C’est donc la même stratégie artistique qui est en jeu dans les deux séries. Pourtant dans mon ignorance de la société coréenne j’ai longtemps cru que Ajumma désignait un prénom devenu un terme générique avant de réaliser qu’il s’agissait d’un concept social beaucoup plus complexe. Le qualificatif ne tient pas tant à l’apparence du sujet où à sa position dans la société qu’à une certaine conscience sociale et à la stratégie qui s’y applique.
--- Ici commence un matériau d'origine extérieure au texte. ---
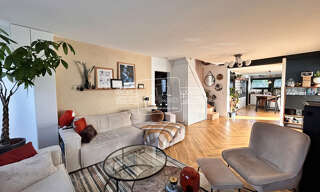 Maison 5 Pièces 116 m² à vendre à Saint-Sébastien-sur-Loire (44230)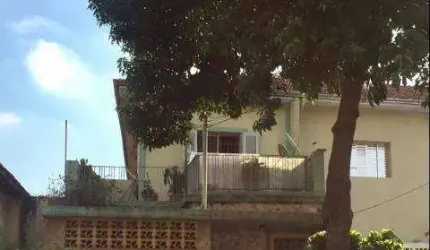 Vendo - Vila Regente Feijó - Sobrado - 160m² - 4 dorms - varanda - 1 vaga carro e 2 para motos
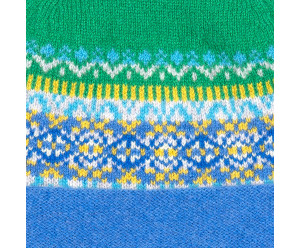 Chaussettes et collants Colombine et Arlequin 2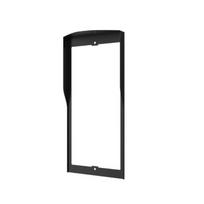 Stogelis telefonspynės kamerai Akuvox X912S (nuo lietaus, juodas)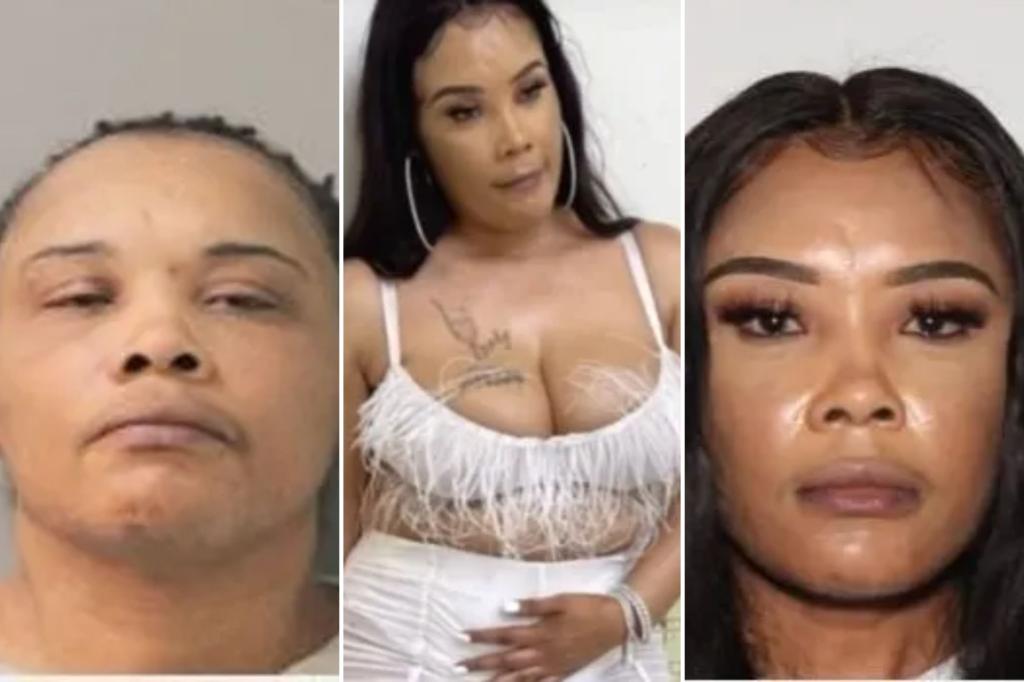 Cops seek master of disguises wanted for grisly Long Island murder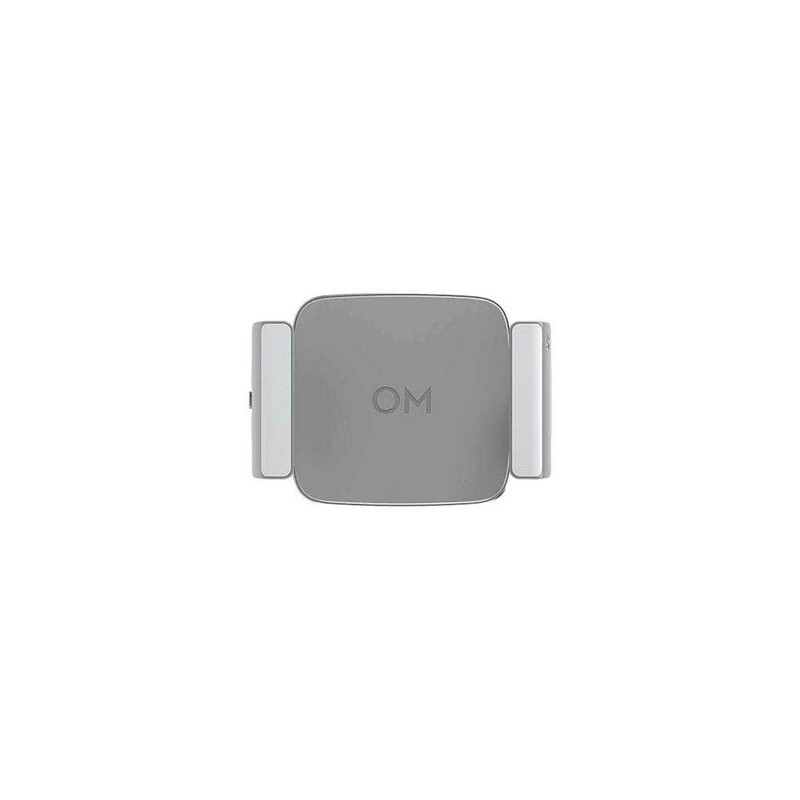 نگهدارنده دی جی ای نوری DJI OM Fill Light Phone Clamp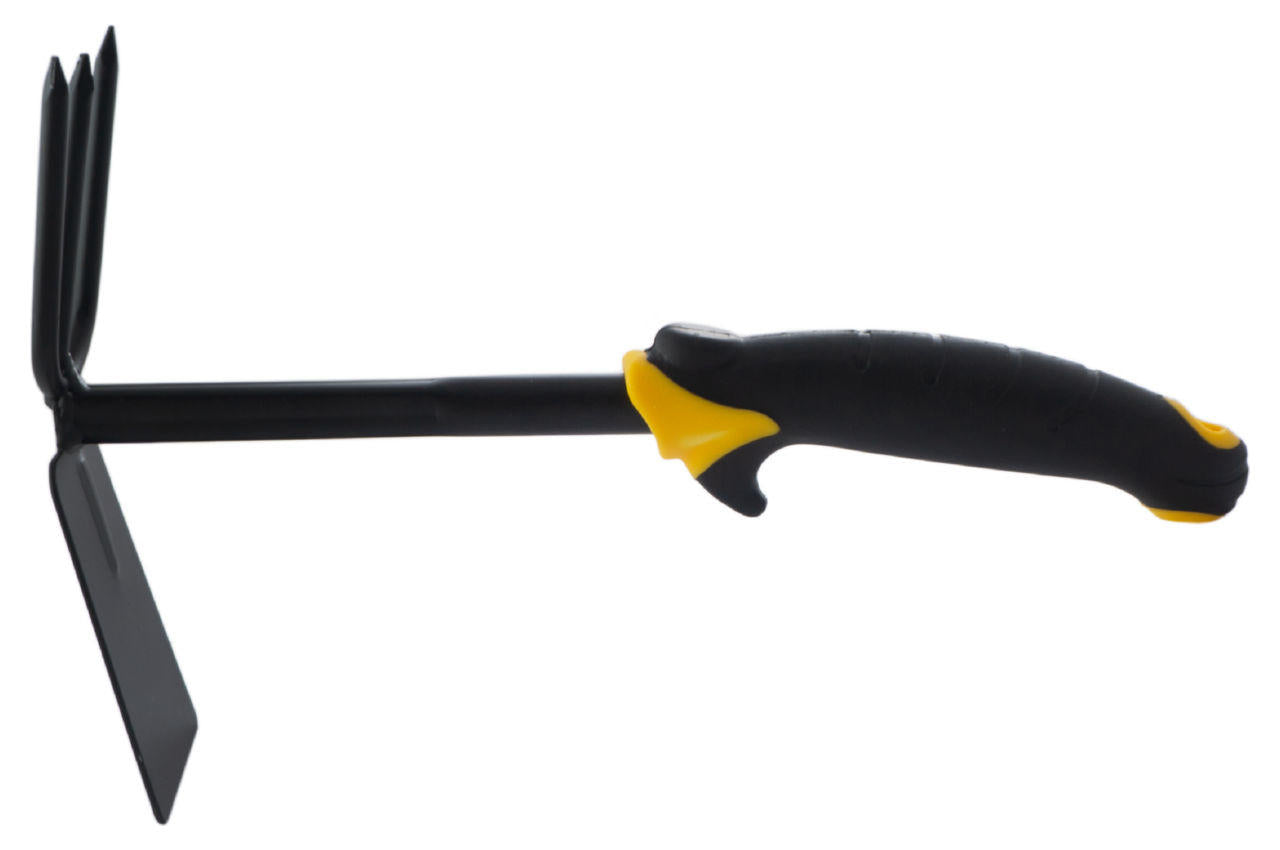 Мотыжка Mastertool - 310 x 65 мм PRO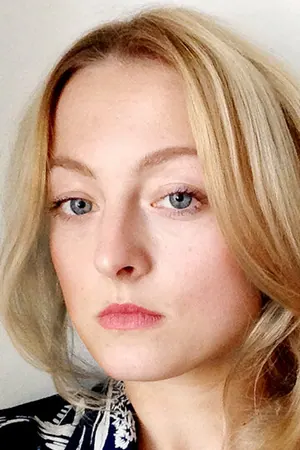 Анна Гаврилова — Художник
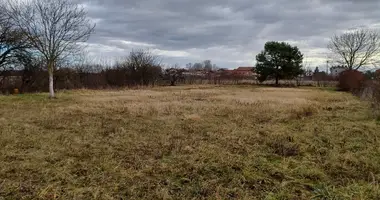 Участок земли в Lucko, Хорватия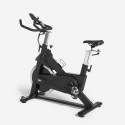 Fit bike volano 18 kg professionale indoor cycling Athena Vendita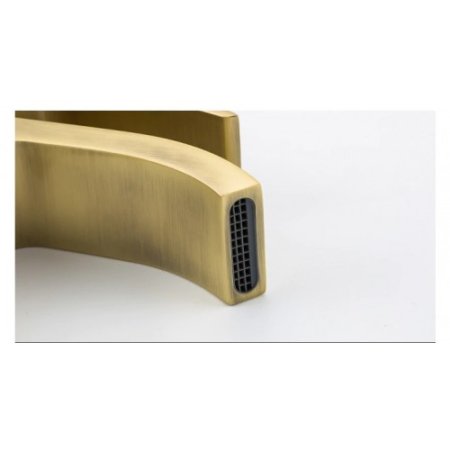 Смеситель для раковина Gappo Jacob G1007-4 бронза 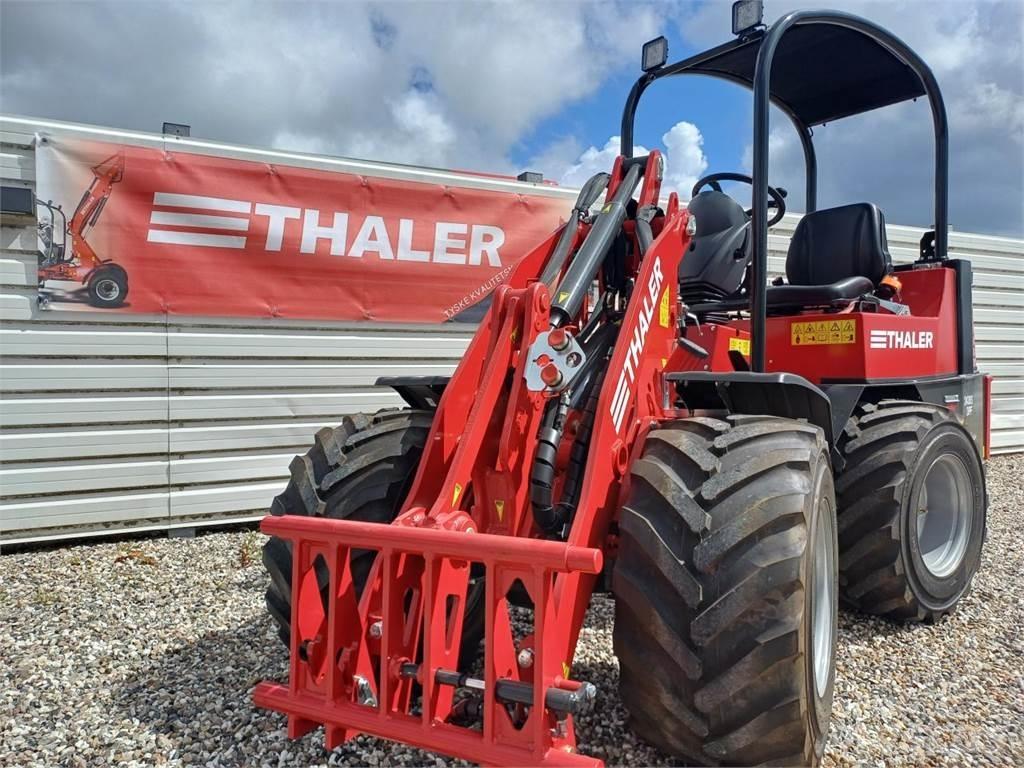 Thaler 2438-S-DPF Mini iekrāvēji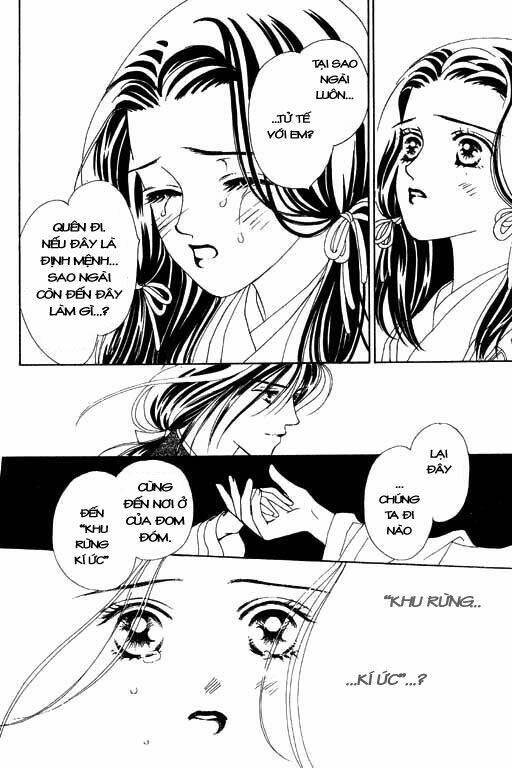 Hana No Utage Chapter 2 - Trang 2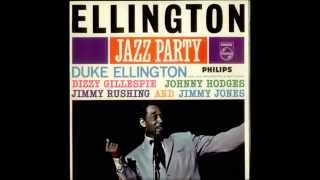 Duke Ellington - U.M.M.G. (Upper Manhattan Medical Group) Billy Strayhorn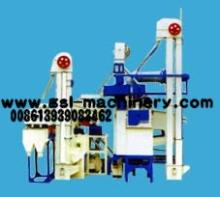 whole set huller rice milling units(20t)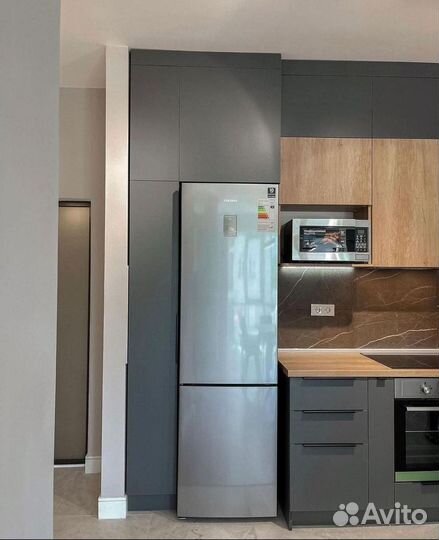 Кухня на заказ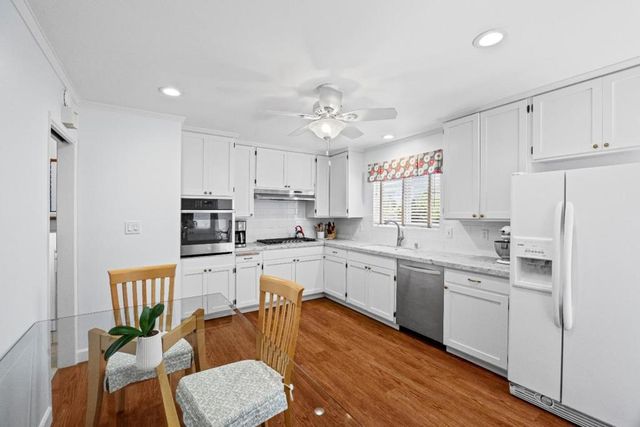 200 Danville Drive, Los Gatos, CA 95032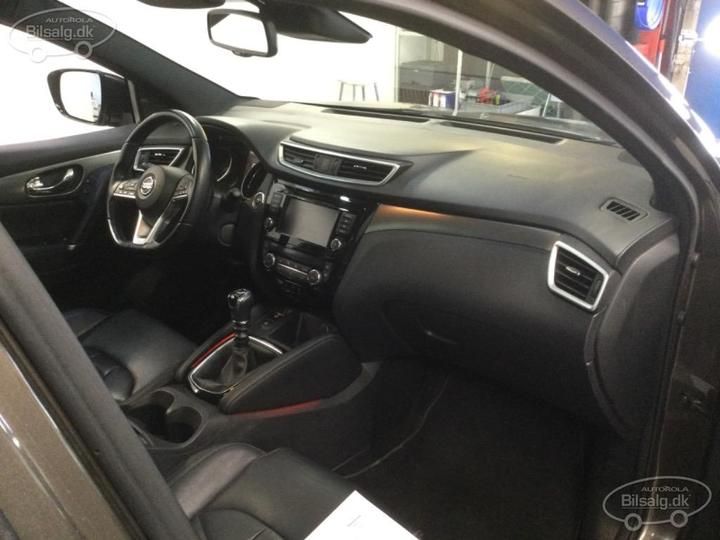 Photo 13 VIN: SJNFAAJ11U2567328 - NISSAN QASHQAI SUV 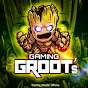Gaming Groots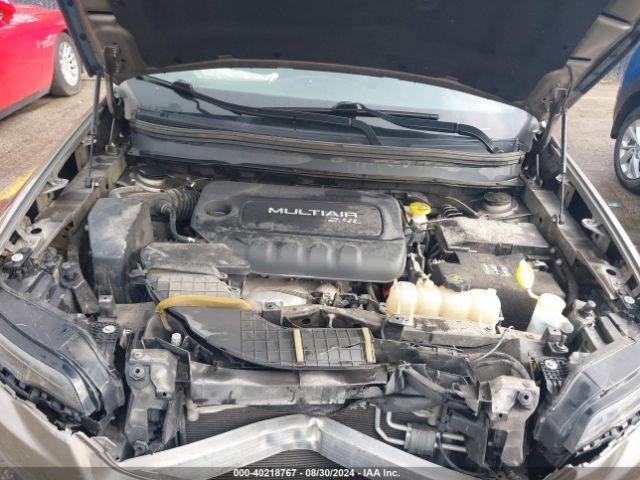 1C4PJMCB9KD112145 Jeep Cherokee Latitude 4x4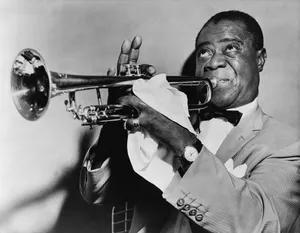 jazz jigsaw puzzle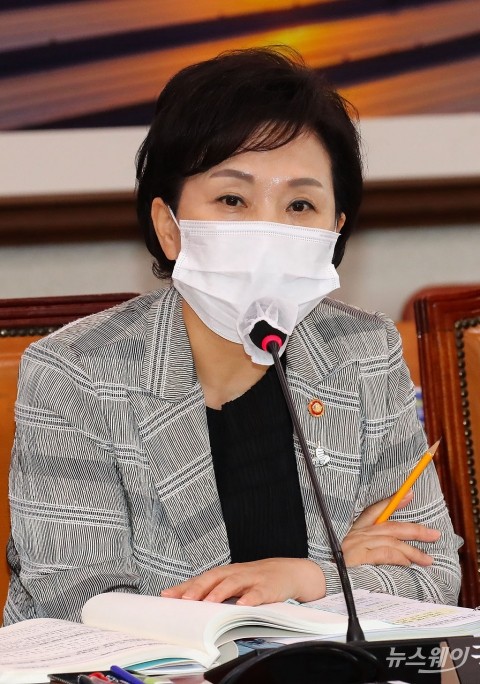 국토부 통계 논란 일단락···“표본수 증가는 긍정적”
Hein-Kuhn nous la donne à lire, a travers une véritable anthropologie sociale mais c’est lui, et lui seul, l’auteur de ces images qui détermine cette classification et qui décide de donner à chacun de ses modèles une valeur exemplaire. Car ce qui l’intéresse ce n’est pas ces femmes en elle-même mais l’accumulation à travers lesquelles elles construisent leur personnalité sociale. La photographie, écrivait Brassaï c’est « la parole donnée aux choses»; c’est un besoin «d’atteindre à la ressemblance dans une sorte d’absolu». Mais, quoi que l’on fasse, la photographie n’échappe pas à son sort; il s’agit toujours d’une transcription en noir et blanc et en deux dimensions du monde. Pour « devenir image définitive », elle doit respecter les règles immuables de l’ art: « équilibre entre la chose vivante et la forme … équilibre classique », souligne-t-il, car l’ambition artistique pousse « à faire quelque chose de saisissant avec le banal et le convenu ».